# little help with lot



## mike13 (Sep 27, 2010)

Hi guys I'm going to say thanks up front with the help now.

I need help with this lot an the small one in front they want a trigger of 3" an salt every freezing rain an ice event.
I've been a town plow driver for 3 years an never done com lots. It's just my dodge 06 2500 an 8' mm1 an 98 2500 . The lots are maybe 2 acres total


----------



## Antlerart06 (Feb 28, 2011)

What are you needing help with


----------



## mike13 (Sep 27, 2010)

Sorry lol I for got that part. Dam Happy new year drinks
like for a 3" trigger I'm thinking of 275 a push for both lots an salt at a rate of 200 an per application. I pay 150 for 60/40 mix


----------



## gc3 (Dec 6, 2007)

$500 or so if it was me so your in the ballpark


----------



## Antlerart06 (Feb 28, 2011)

mike13;1915289 said:


> Sorry lol I for got that part.
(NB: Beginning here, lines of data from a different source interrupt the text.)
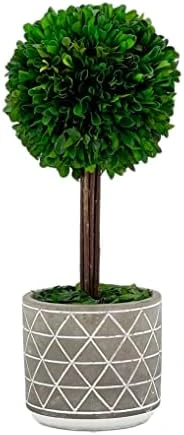 Galt International - Natural Preserved Boxwood Topiary In Cement Pot - Real Preserved Plant And Table Centerpiece - Stunning Greenery And Plant Decor For Home | (14" Tall / 5.9" Topiary) 4 Galt International - Natural Preserved Boxwood Topiary In Cement Pot - Real Preserved Plant And Table Centerpiece - Stunning Greenery And Plant Decor For Home | (14" Tall / 5.9" Topiary) - Image 4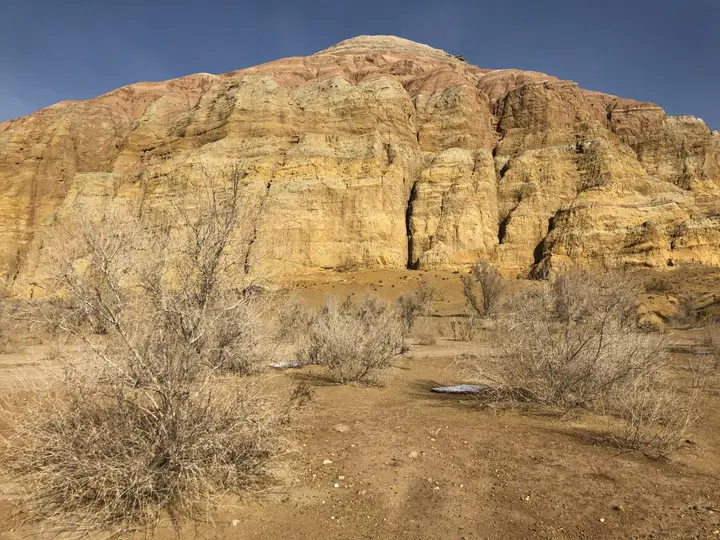 Tamgaly petroglyphs, Kazakhstan: how to visit: photo 2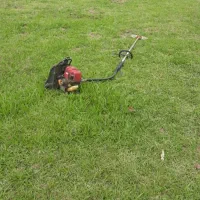 علف زنی حیاط باغ و محوطه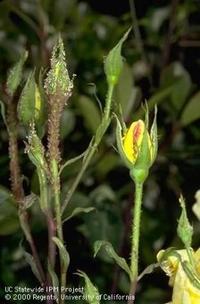 Aphids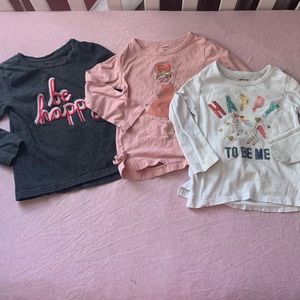 Bundle of 3 Long Sleeve Tees 2T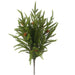 Green Norfolk pine bush with 17 stems and miniature pinecones, 20.5 inches.
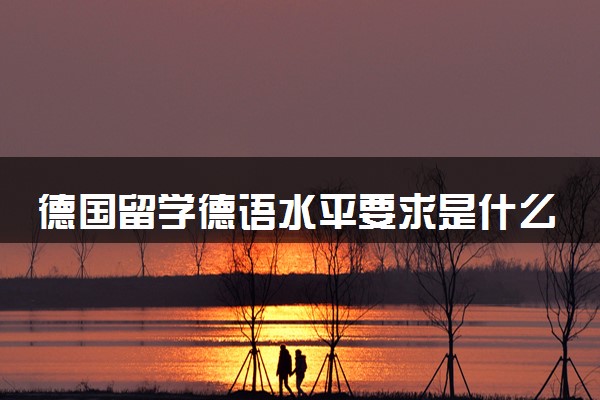 德国留学德语水平要求是什么 考雅思还是托福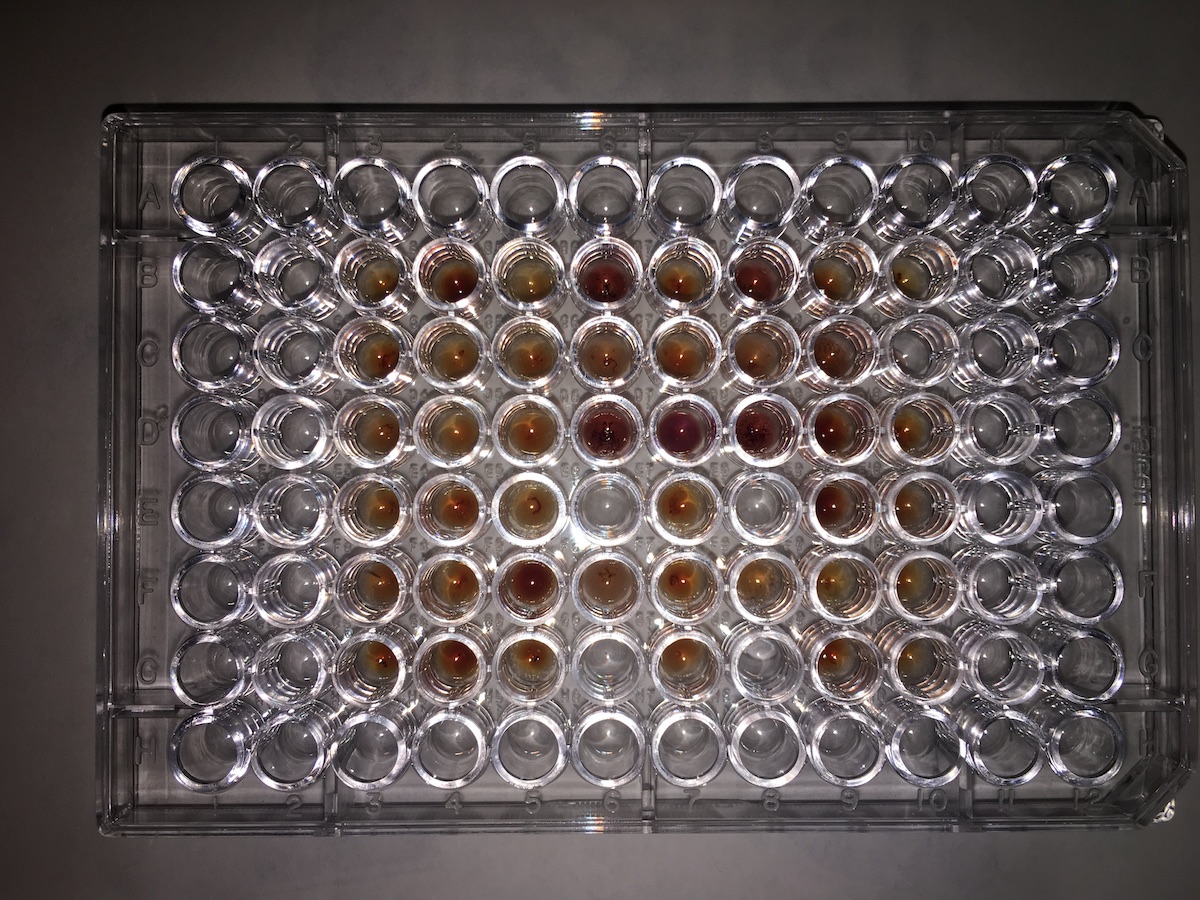 kiwiberry juice in vials prepared for testing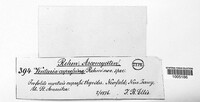 Asterinella cupressina image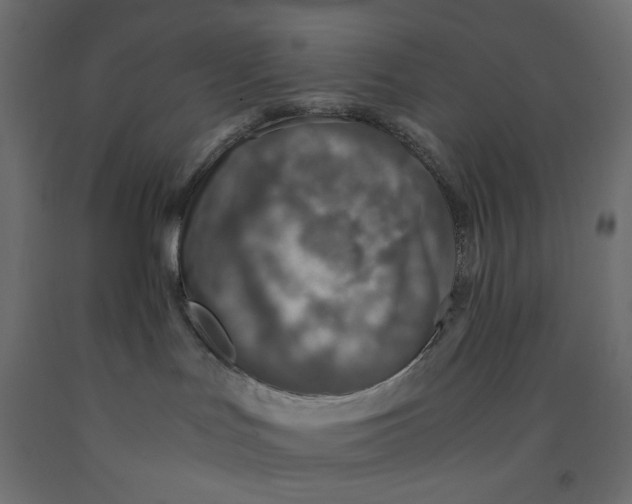 X0000091860047200710031710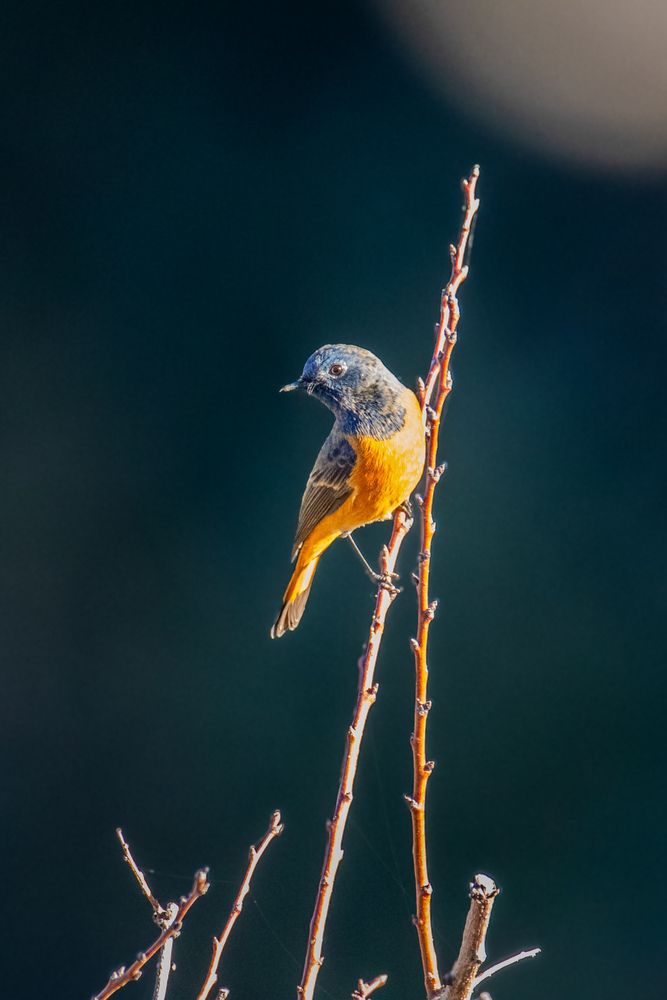 Фотография автора Shalini Jain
Dam Happy new year drinks
> like for a 3" trigger I'm thinking of 275 a push for both lots an salt at a rate of 200 an per application. I pay 150 for 60/40 mix


I hate 3'' triggers Looks bad for business I don't do 3'' triggers 
Your price sounds good at 1'' trigger 
Only see one lot

You pay $150 salt mix you going charge $200

You running a V box spreader if so the $150 is that what cost you fill it?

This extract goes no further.